> _WHAT THE TASK ASKS_: Of the lines listed below, return exactly those that run from the line containing "SoHo Dog Harness Denim" through the line containing "Belgisk Miniature Kogsbølle", both included.

Segment Start: INFORMATION SUPPLIED

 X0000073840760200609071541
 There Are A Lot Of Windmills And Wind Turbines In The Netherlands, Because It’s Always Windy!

Segment End: INFORMATION SUPPLIED
Segment Start: INFORMATION SUPPLIED

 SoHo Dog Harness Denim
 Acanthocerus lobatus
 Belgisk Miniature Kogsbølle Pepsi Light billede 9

Segment End: INFORMATION SUPPLIED

> _TASK RESULT_:
 SoHo Dog Harness Denim
 Acanthocerus lobatus
 Belgisk Miniature Kogsbølle Pepsi Light billede 9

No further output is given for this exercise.